The Shorts from Away are available only online they will not be shown at the Skowhegan Drive-In but you can watch them at any time of the day or night during the festival at www.miff.org. The cost to see all ten is $10. Brief descriptions of each of the shorts, in the order in which they will be presented, follow:
- "Carpetland!" (USA, 23 min.): Twenty-somethings Samantha and Tyler are entry-level employees at a carpet store. According to the filmmmakers, "Sam would do anything to replace their insufferable boss, Dildon, as [the store's] manager…. Tyler spends most of his time making garbage-noise music for his comatose mother. When they find themselves involved in a deadly freak accident, they have to decide: will it be the final nail in a coffin of small-town malaise? Or a chance to escape it once and for all?"

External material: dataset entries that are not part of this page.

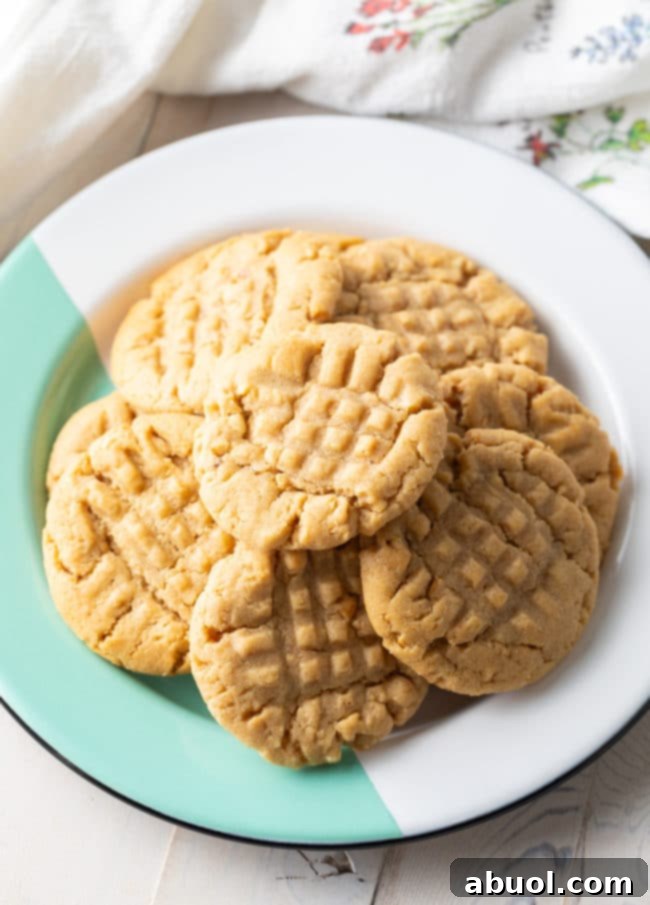Chewy Best Peanut Butter Cookies Recipe with Peanuts piled high on a green and white striped plate.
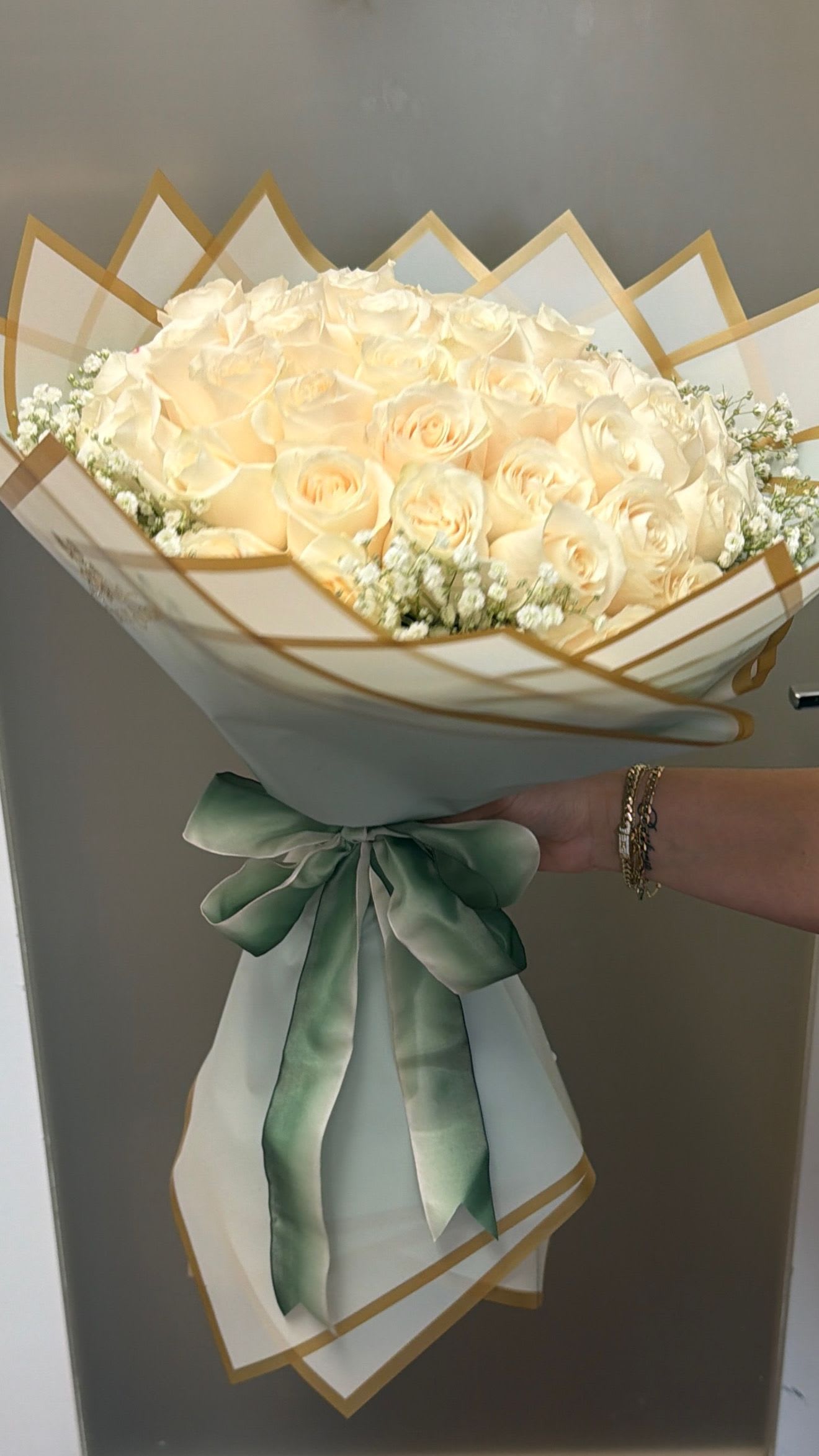 100 wrap white roses  - A lush dome of one hundred cream-to-white roses creates an unforgettable birthday bouquet, anniversary surprise, or elegant sympathy arrangement-the kind of floral gift that makes the person you're thinking of feel deeply seen. The predominantly white blooms carry soft hints of blush and peach in a few petals, lending warmth and subtle dimension that reads romantic for Valentine's Day or quietly reverent for Memorial Day.  Tightly packed for a full, rounded silhouette, the roses are finished in crisp white paper wrap with delicate gold edging and a decorative outer wrap, then tied with a soft green satin ribbon for a polished, gift-ready presentation. Small white filler blooms peek at the edges to soften the shape and enhance the bouquet's texture; the result is refined, tactile, and photo-ready.  Perfect for Thanksgiving hostess gifts, Women's Day tributes, or a major milestone moment, this arrangement arrives ready to impress and comfort. For best longevity, keep stems in fresh water, trim stems slightly before placing in a clean vase, and display away from direct heat or drafts to extend the life of the roses.
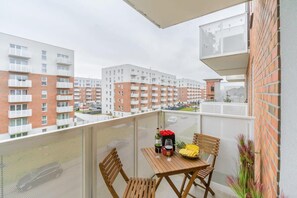 Ein Balkon mit Tisch, Stühlen und Blick auf Wohnhäuser.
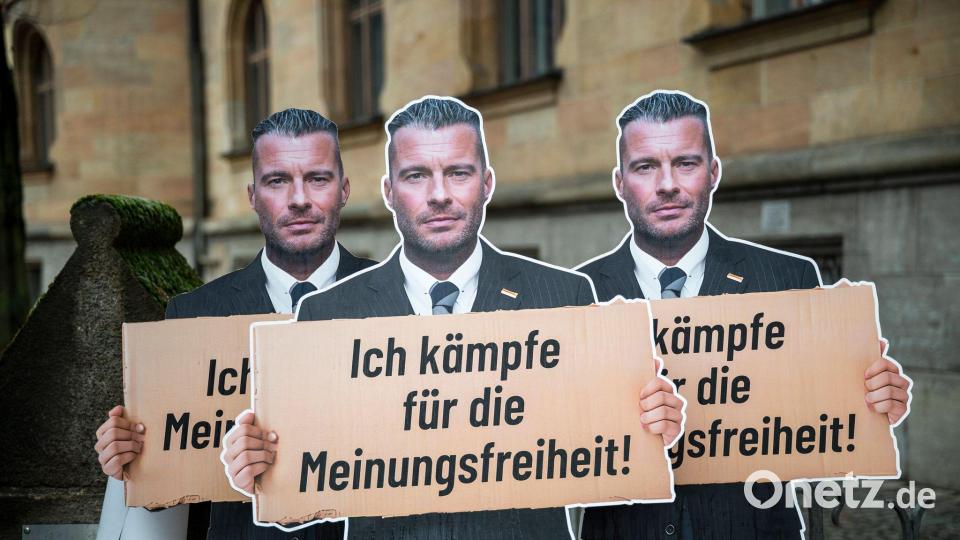 Vor dem Landgericht Bamberg stehen Pappaufsteller, die den Journalisten David Bendels mit einem Schild in der Hand zeigen - er selbst bezeichnete seinen Post als Satire. Bild: Daniel Vogl/dpa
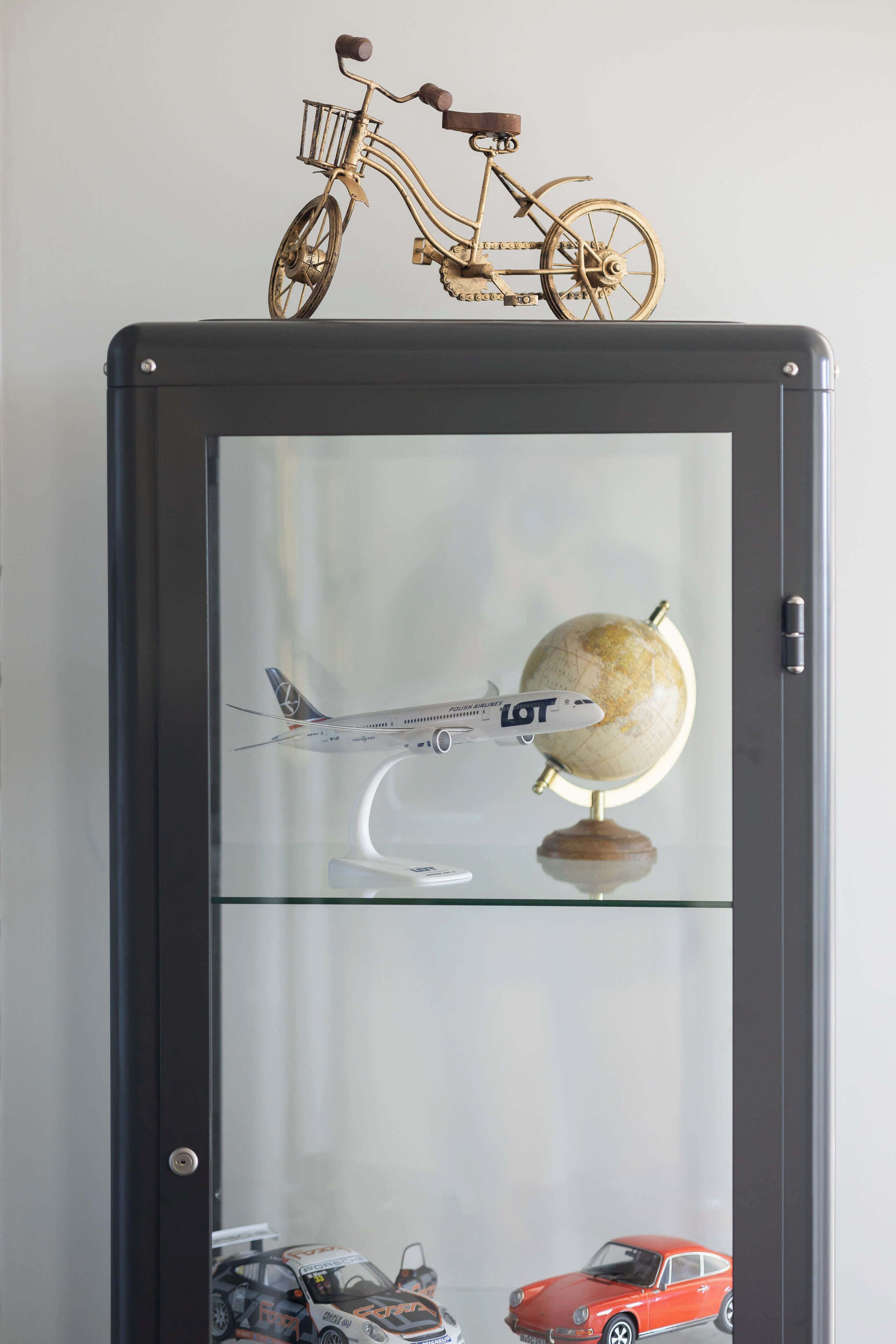 A display cabinet with a bicycle on top, a model airplane, and a globe.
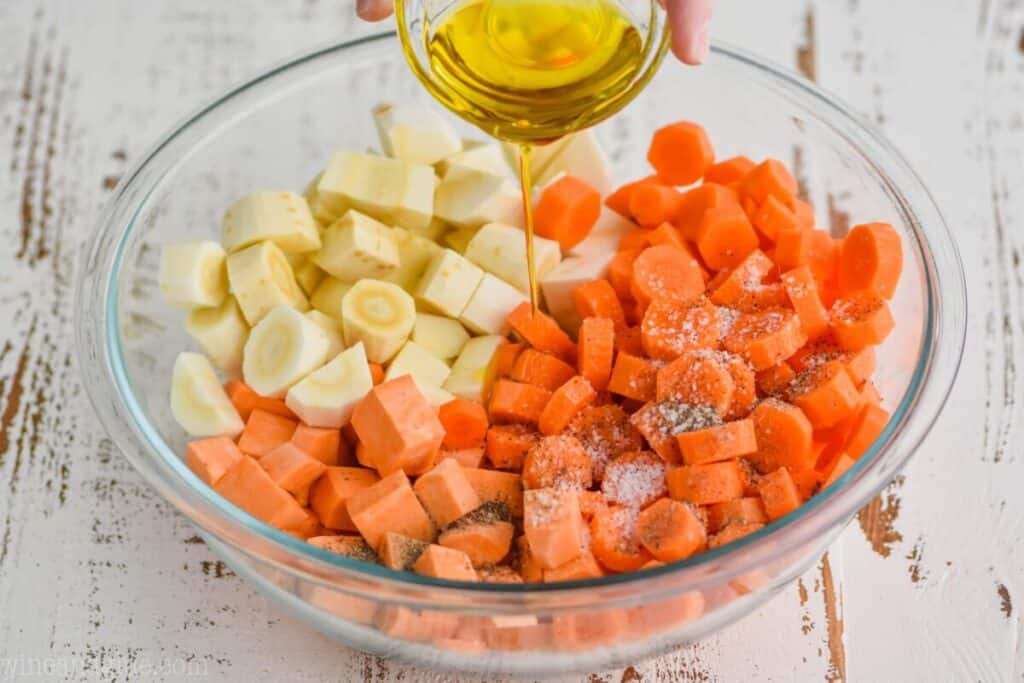 pouring olive oil into a large bowl full of raw cut up parsnips, sweet potatoes, and carrots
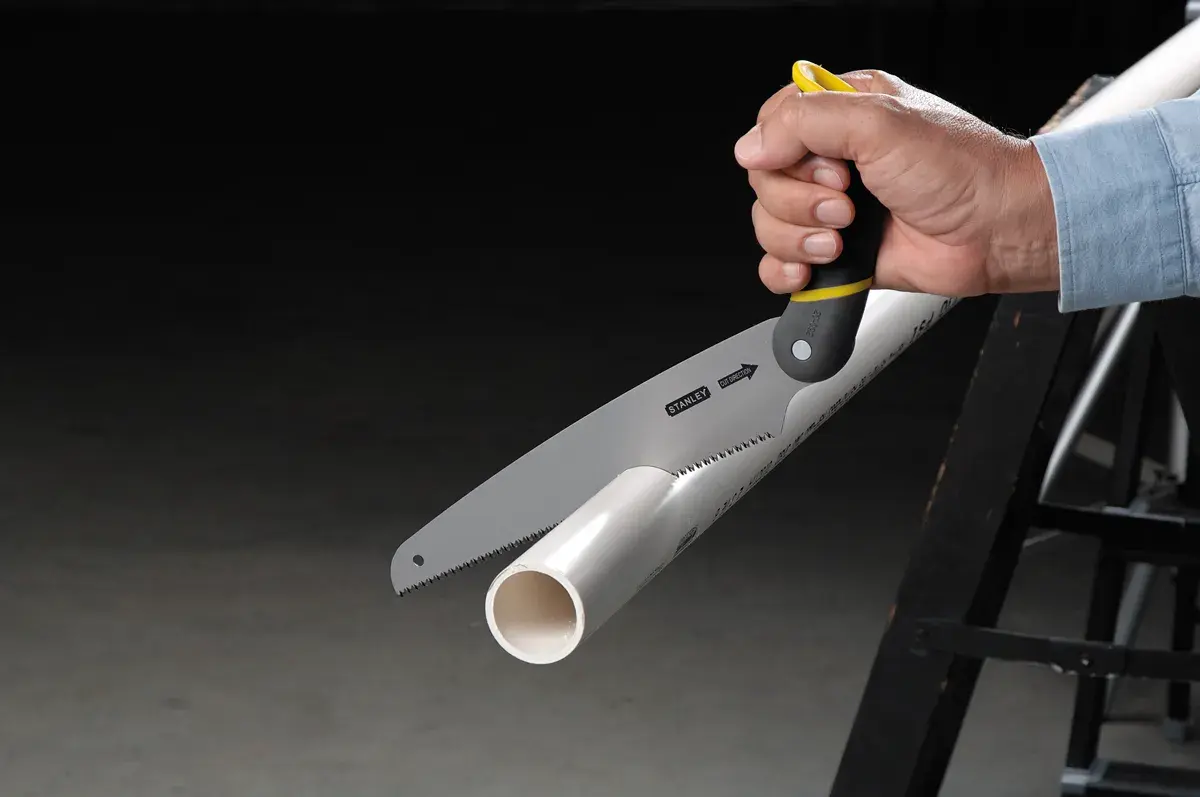 STANLEY 20-092 hand saw cutting white PVC pipe, close-up side view showing black and yellow handle.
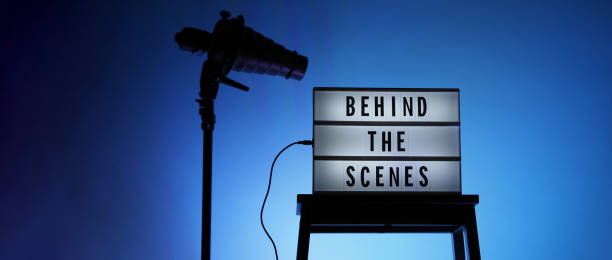 istock Behind the scenes text on Lightbox or Cinema Light box. Movie board light box on studio stair and light Snoot tripod on colors gradiant Background. Represent behind the scenes team is working on. 1355104978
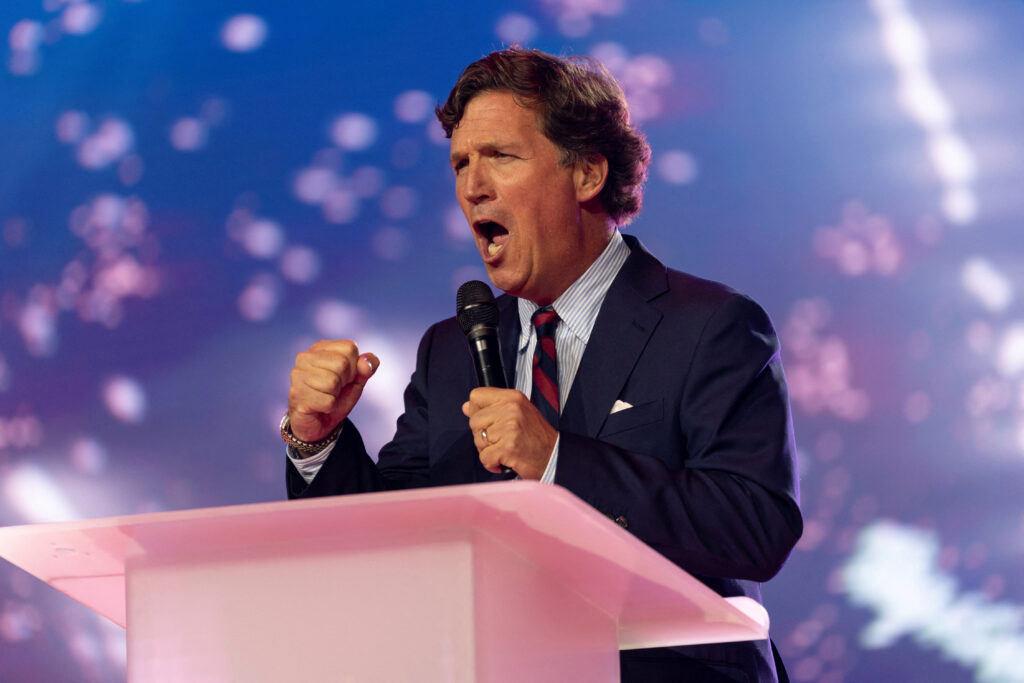 Tucker Carlson with fists clenched speaks at pink podium.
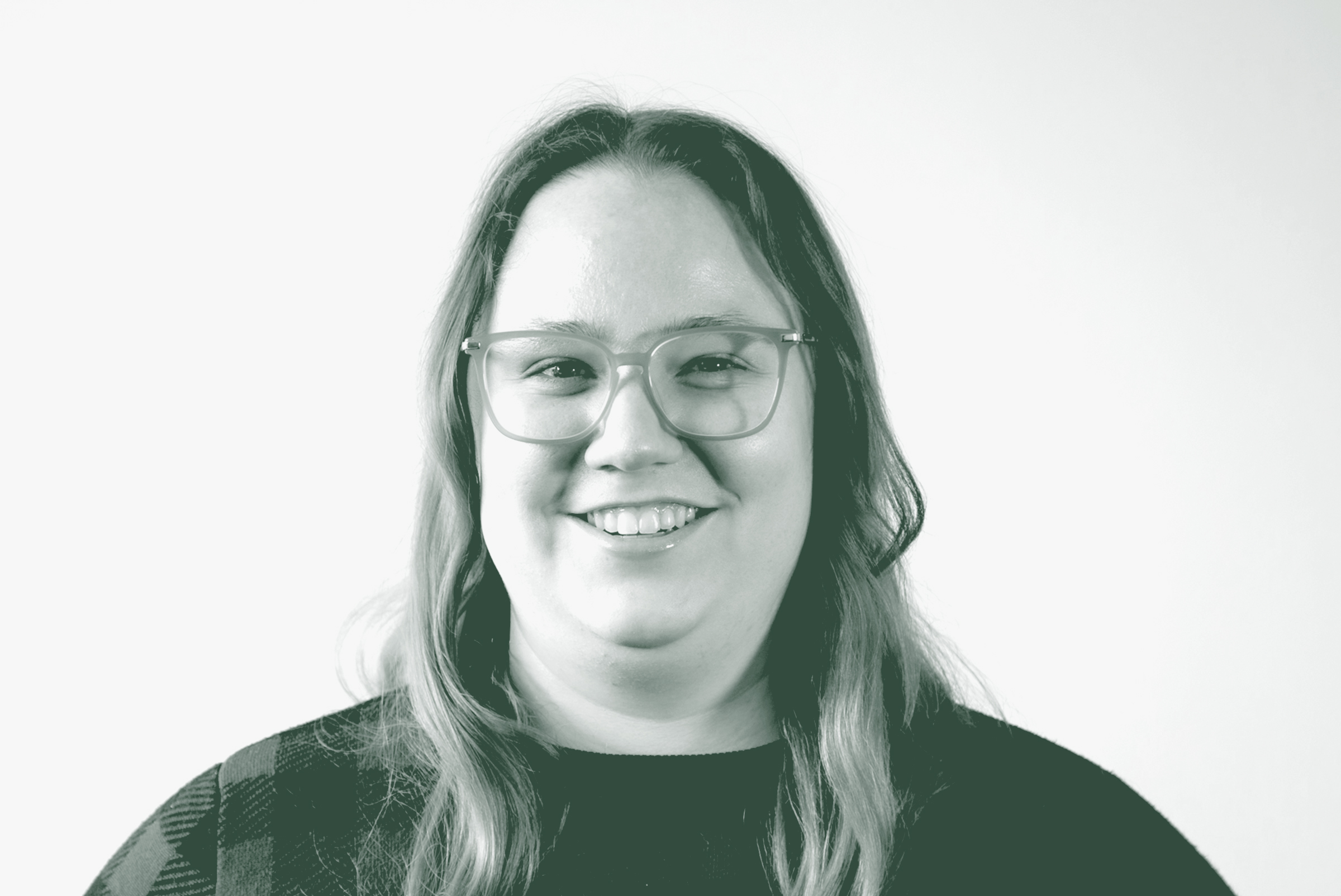 A black and white portrait of Alexis Kaleri, a Senior Project Coordinator with GFF in the Mixed-Use & Multifamily Studio, in front of a white background.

- "Hello Ahma" (Singapore & USA, 16 min.): Unable to return to Singapore for her dear grandmother's funeral, an eight-year-old who has recently moved to the United States with her parents, tries to cope with that loss, at the same time as she is trying to adjust to her family's new life in a new culture. She comes to believe that her grandmother has been reincarnated in a turtle that she got from a pet store.
- "In the Blood" (USA, 7 min.): In this spoof of spaghetti westerns, a grizzled bandit, Sartana, rides into to town to rob the saloon and recruit a gang. Meanwhile, his former girlfriend Dolores is packing to leave town, but her current suitor interrupts her, delaying her departure until Sartana and his gang arrive. A shootout ensues.
- "Waters of March" (USA, 16 min.): In this meditation on loss, a sensitive young man, March, tries to come to terms with the death of his grandmother. Describing this short on fundraising website Indigogo, director Chase Johnson writes, "[F]rom an African American standpoint, the Grandmother is the matriarch and often the glue that holds every intricate relationship together. 5 years ago, I lost my family's matriarch, 2 years later, I would lose my remaining Grandmother on my father's side. Looking back, I had a very interesting relationship with grief and how grief, alone, affects each individual differently. So I wanted to make a film…as an ode to grief, my Grandmothers lost/transitioned, and the ancestors that remain with us every where we go."
- "Sales Ready" (USA, 12 min.): Allistair, a socially awkward high school student, recruits classmates as sales reps in his self-absorbed father's pyramid scheme to sell kitchen knives. All is going well, until one his reps cuts himself with one of the knives during an attempted sale, and as a result, Allistair is threatened with expulsion from his new high school, where he had been thriving.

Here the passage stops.